On the policy front, in recent years, the National Medical Products Administration (NMPA) has resolutely implemented the major decisions and plans of the CPC Central Committee and the State Council regarding the establishment of mechanisms to support innovative medical devices. It has introduced detailed measures, strengthened inter-departmental cooperation, encouraged the integration of medicine and engineering as well as scientific research transformation, and fully supported significant innovations in high-end medical devices. This promotes the application of more new technologies, materials, processes, and methods in the healthcare field. As a future industry identified in the "15th Five-Year Plan" outline, brain-computer interfaces have received great attention from the NMPA. During product review and approval, resources are allocated with preference, following the principles of "early intervention, one policy per enterprise, full-process guidance, and simultaneous research and review." The administration provides pre-review evaluation services for innovative products, effectively accelerating their market entry process. Notably, in 2019, the Artificial Intelligence Medical Device Innovation Cooperation Platform was officially established, initiated by the NMPA's Center for Medical Device Evaluation in collaboration with 14 organizations including the National Computer Network and Information Security Management Center and the China Academy of Information and Communications Technology. In September 2023, a Brain-Computer Interface Research Working Group was formed to carry out regulatory science research in related fields, accumulating regulatory experience for registration reviews; in September 2025, the NMPA successively issued...YY/T 1987—2025 "Medical Devices Using Brain-Computer Interface Technology - Terminology"、YY/T 1996—2025 "Medical Devices Using Brain-Computer Interface Technology — Implanted Neurostimulators with Closed-Loop Function — Test Methods for Sensing and Response Performance"Two medical device industry standards systematically establish a terminology system for brain-computer interface medical devices and unify performance evaluation criteria.
Moreover, since 2021, the Ministry of Industry and Information Technology and the National Medical Products Administration have jointly organized two batchesAI Medical Device Innovation Task Leader BoardWork, solicit and select units with strong innovation capabilities to focus on key research.
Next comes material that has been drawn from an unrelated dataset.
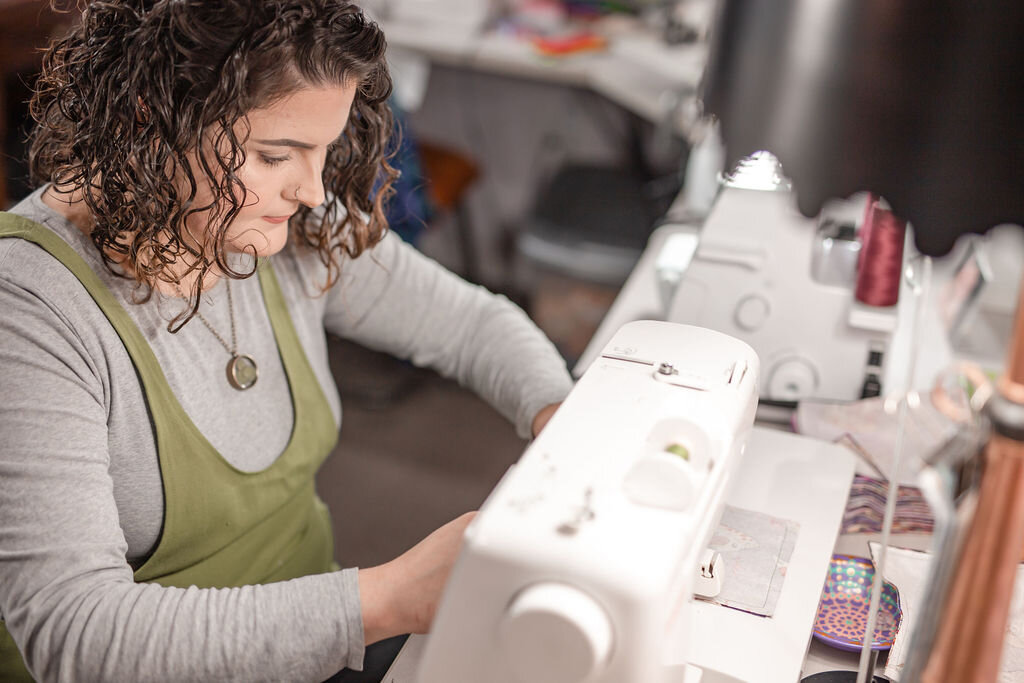 Christina sewing on one of her machines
For the "open competition" projects, relevant departments of the National Medical Products Administration (NMPA) implement pre-review services, exploring the integration of medical device regulatory logic into the entire lifecycle of technical research, breaking the traditional linear model of "research first, approval later," achieving synchronization between the R&D process and review requirements. The recently approved implantable brain-computer interface system for hand motor function compensation is one of the first supported projects under the AI medical device innovation tasks. During the R&D and market entry process of this product, relevant departments of the NMPA have strengthened the cultivation of key products, providing guidance, evaluation, testing, and inspection at all stages. Under the premise of not lowering standards, these departments have assisted enterprises in each step.
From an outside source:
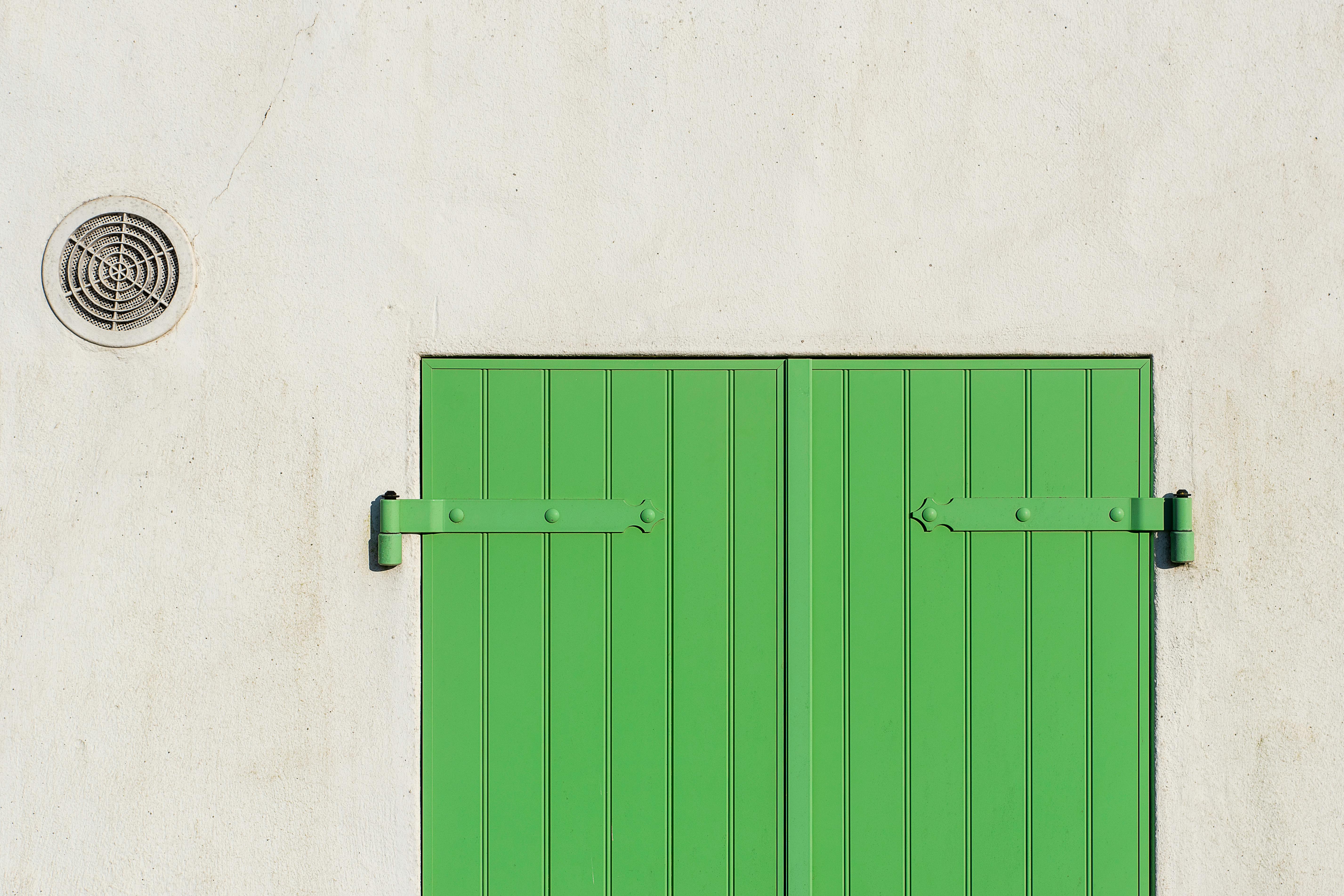 Modernes Schlafzimmer mit dezentralem Wandlüfter nahe dem Fenster, ruhige helle Wand und reduzierte Einrichtung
At the industrial level, the deep integration and collaboration of industry, academia, research, and medicine are crucial supports for accelerating the implementation of innovative medical device technologies. Taking the recently approved implantable brain-computer interface system for hand motor function compensation as an example, Tsinghua University has provided core algorithm support, such as neural signal decoding, based on its long-term accumulation of fundamental research results; Neuracle, as the industrialization entity, has undertaken the full-chain engineering transformation work from electrode arrays to signal processing systems; more than 10 top-tier tertiary hospitals, including Xuanwu Hospital of Capital Medical University and Huashan Hospital Affiliated with Fudan University, have collaboratively conducted multi-center clinical trials, providing clinical data support for product optimization and approval. This collaborative mechanism, guided by clinical needs, effectively promotes the efficient transformation of basic theories from laboratories into products that meet clinical practical requirements, demonstrating China's unique advantages in fostering future industries.
Challenges Remain
Multiple Factors Impact Scalable Applications
Although China has achieved the approval and market launch of invasive brain-computer interface medical devices, as a highly cutting-edge and disruptive technology, it still faces practical challenges in technology, clinical application, supply chain, and ethics, from the approval of a single product to large-scale industry-wide adoption.
At the core technology research level, long-term biocompatibility, product usability, and algorithm generalization ability still require further exploration and breakthroughs.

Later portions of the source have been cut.